I folded my arms across my chest at that. “Really? You’d have me quit just so you can date me easily?”

“No, I’d fire you, but I’m not doing that. I’m letting you resign so you could date me.”

“I’m not going to resign.”

“I’m not going to fire you.”

“Then what the hell do we do now?”

“You can do whatever you like, but I’m going to kiss you.”

He took one step toward me and pulled me to him, then touched his lips to mine like a starving man. He swept one hand around the back of my head, and I melted against his body, curling my fingers into his jacket.

Heat—desire—tingled from the top of my head to the tips of my toes.

Something inside me told me this was wrong, that I had to stop it, but whatever that stupid little voice was had been overridden by the rest of my body.
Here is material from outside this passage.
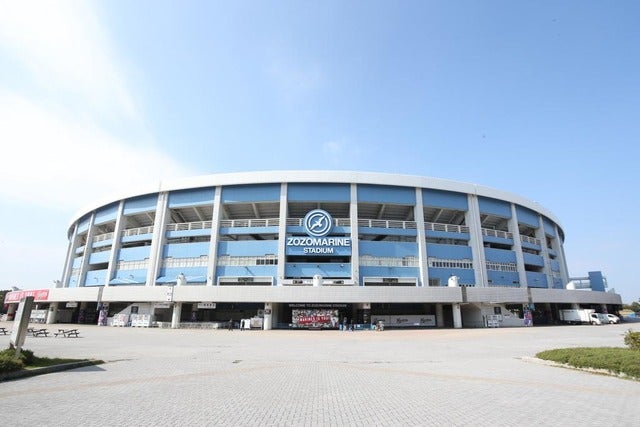 始球式で渡辺俊介と里崎智也がバッテリー復活！ZOZOマリンスタジアム「J:COMスペシャルデー」開催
The rest of me was enjoying the fact that his lips were on mine and his hands were slowly pulling my body right against his.

And I was letting him.

His kiss was like magic running through my veins, and I wanted nothing more than to be under this spell until someone physically pulled me from it. All the frustration I’d felt last night, all the anger I’d harbored since I’d admitted how I felt washed away from me in one fell swoop.

I just wanted to live this—this kiss. Wanted to enjoy the moment of this, just in case I never felt it again.

Slowly, he pulled back, never releasing his grip on me. “I half-expected you to slap me.”

“I considered it after last night,” I said in a low voice. “And I still might.”

“I can take that.” His lips brushed mine as he spoke. “Now what?”

“What do you mean, now what? You’re the one who kissed me. You decide.”